▸ **What is needed**
Write every entry out again with no changes, and leave the images behind.

(Short descriptive text snippets)
####

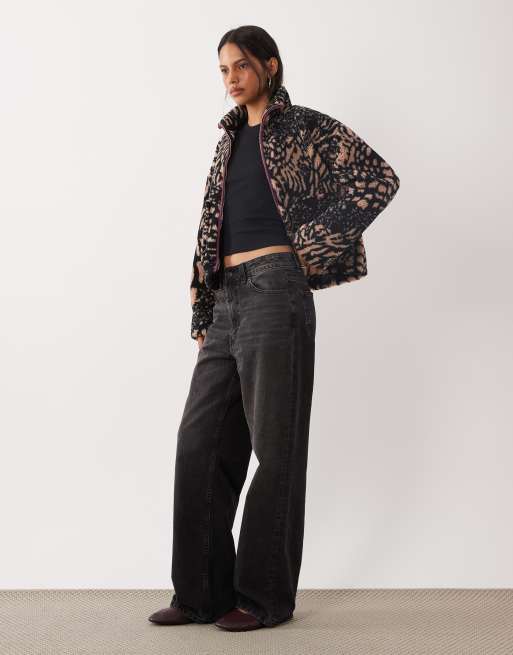 Brave Soul zip through fleece with contrasting zip in brown animal print, 3 of 4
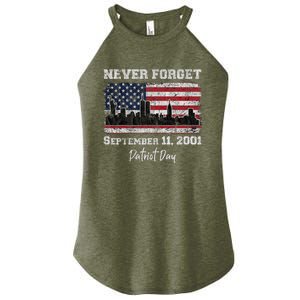 Never Forget September 11 2001 Memorial Day American Flag Women's Perfect Tri Rocker Tank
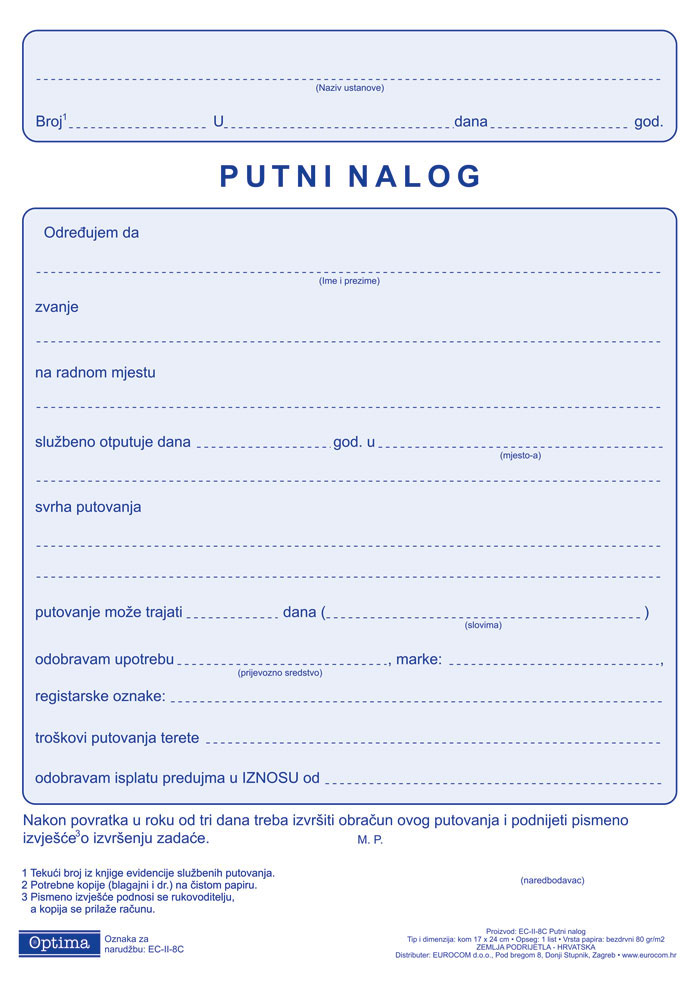 220187-EC Putni nalog EC-II-8C OPTIMA P100/3600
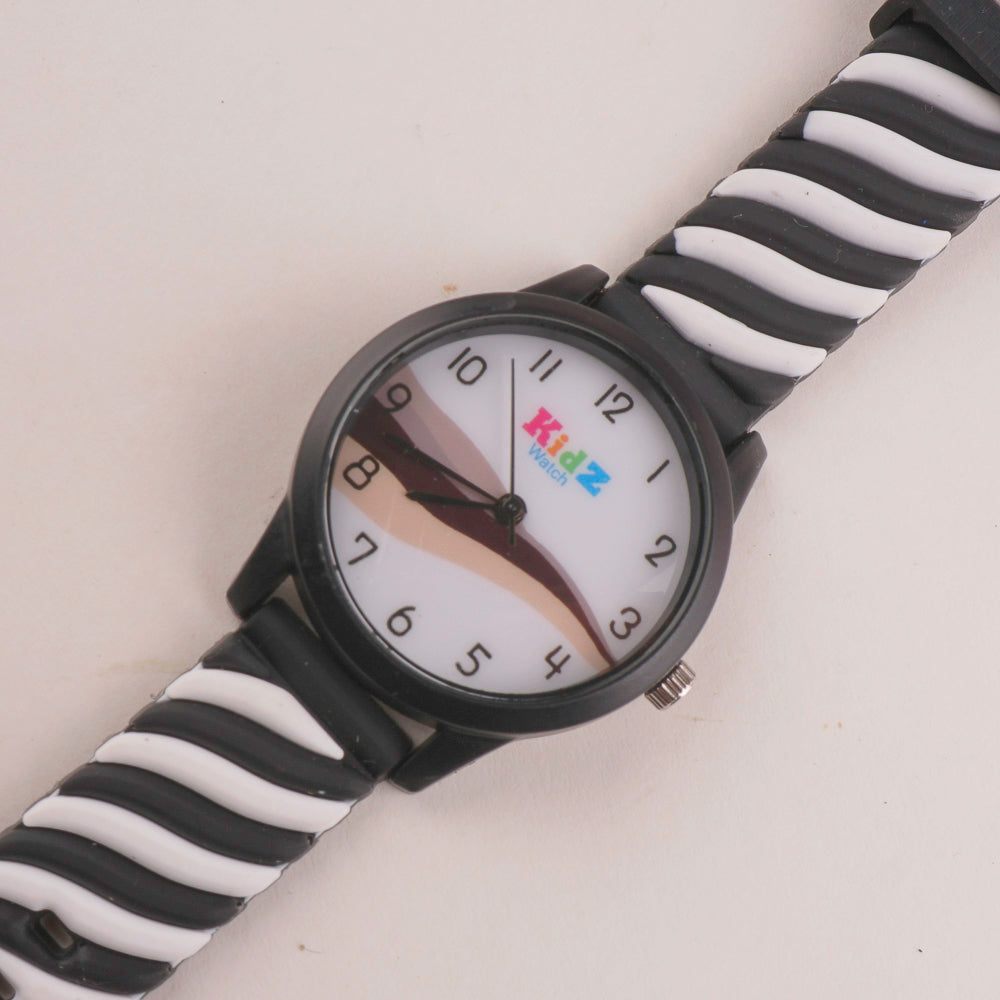 Rubber Strap Fashion Dial Wrist Watch Black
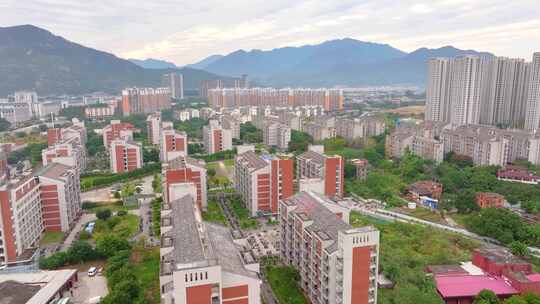 福州福建江夏学院大学城校区航拍校园风景风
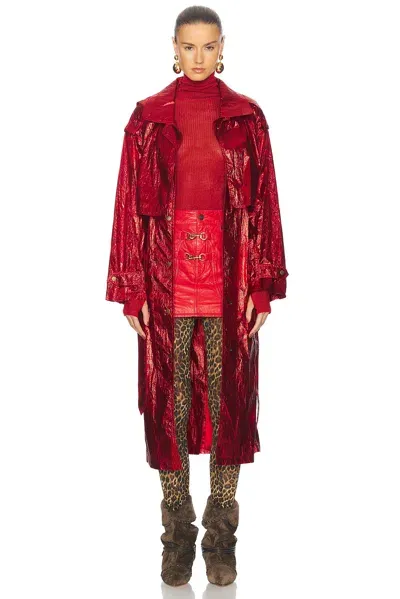 Isabel Marant Laika Coat In Metalic Red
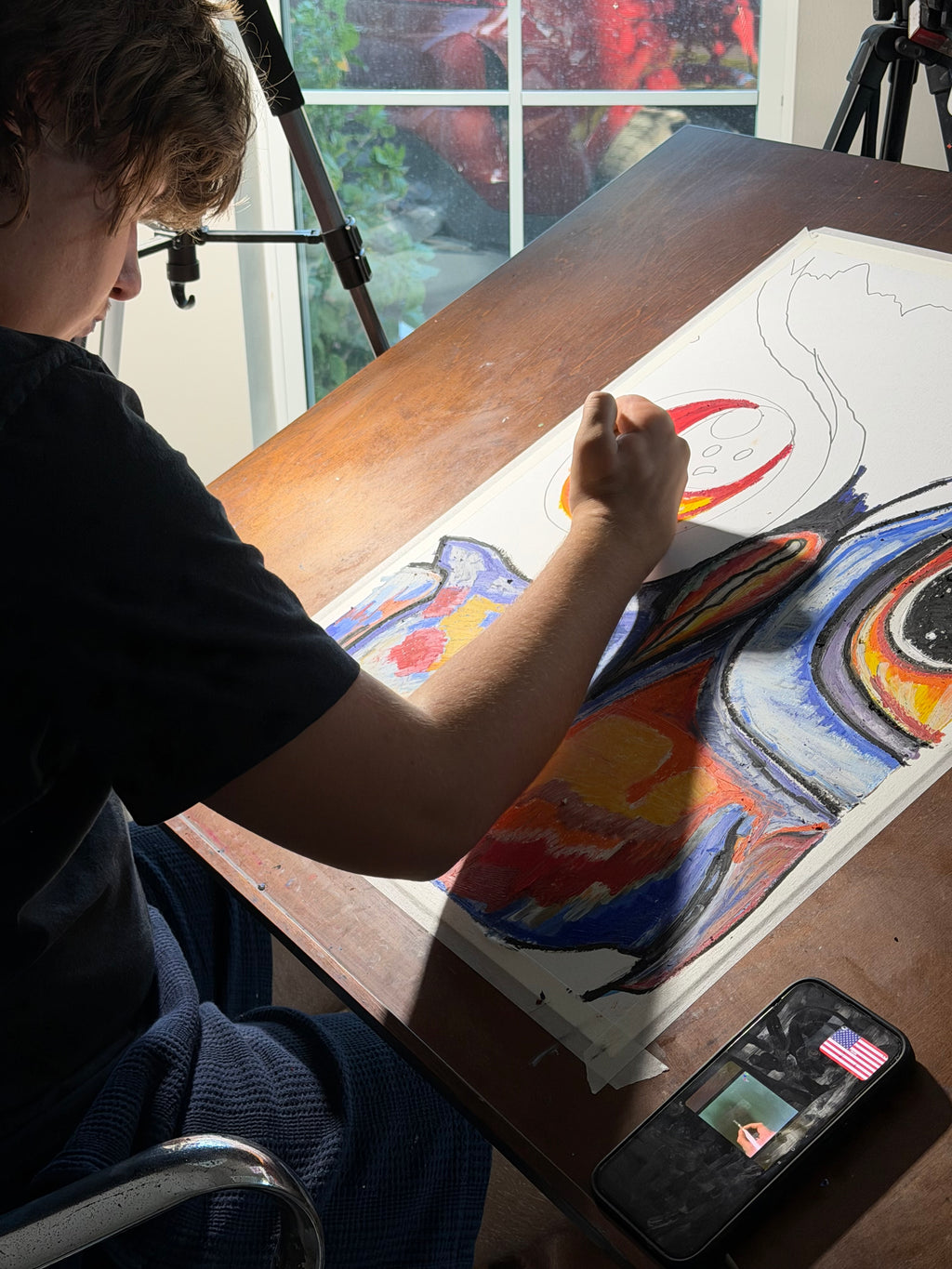 Rainbow Owl - ORIGINAL OIL PASTEL ARTWORK - 19x24"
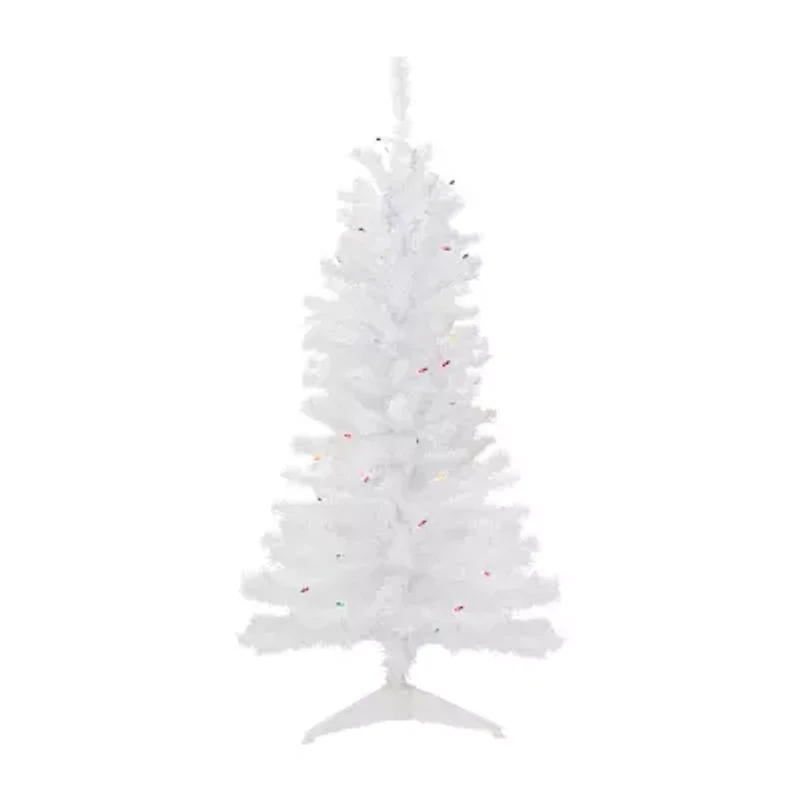 Northlight Woodbury White Slim Artificial Multi Lights 4 Foot Pre-Lit Pine Christmas Tree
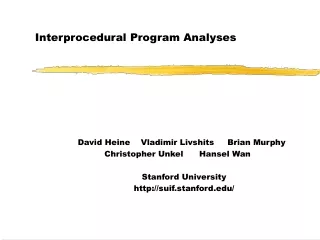 Interprocedural Program Analyses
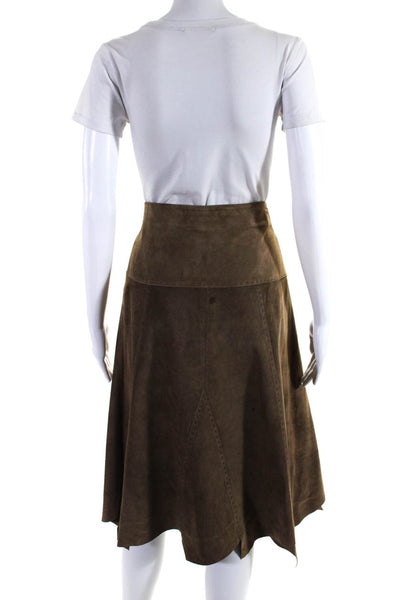 Promod Womens Asymmetrical Hem Suede Midi A Line Skirt Brown Size IT 40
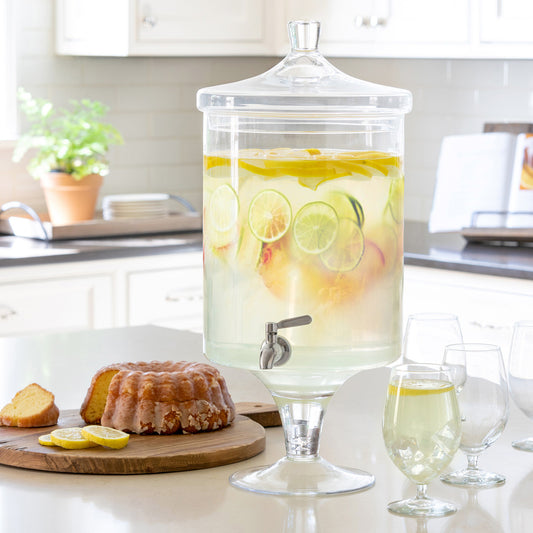 Cute & Sleek Crystal Beverage Dispenser, 12qt.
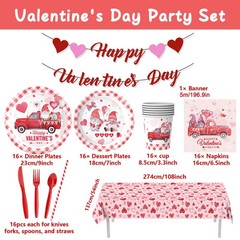 Romantic Valentine’s Day Disposable Party Tableware Set With Heart Theme Design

####

▸ **Answer for the task**
 Brave Soul zip through fleece with contrasting zip in brown animal print, 3 of 4
 Never Forget September 11 2001 Memorial Day American Flag Women's Perfect Tri Rocker Tank
 220187-EC Putni nalog EC-II-8C OPTIMA P100/3600
 Rubber Strap Fashion Dial Wrist Watch Black
 福州福建江夏学院大学城校区航拍校园风景风
 Isabel Marant Laika Coat In Metalic Red
 Rainbow Owl - ORIGINAL OIL PASTEL ARTWORK - 19x24"
 Northlight Woodbury White Slim Artificial Multi Lights 4 Foot Pre-Lit Pine Christmas Tree
 Interprocedural Program Analyses
 Promod Womens Asymmetrical Hem Suede Midi A Line Skirt Brown Size IT 40
 Cute & Sleek Crystal Beverage Dispenser, 12qt.
 Romantic Valentine’s Day Disposable Party Tableware Set With Heart Theme Design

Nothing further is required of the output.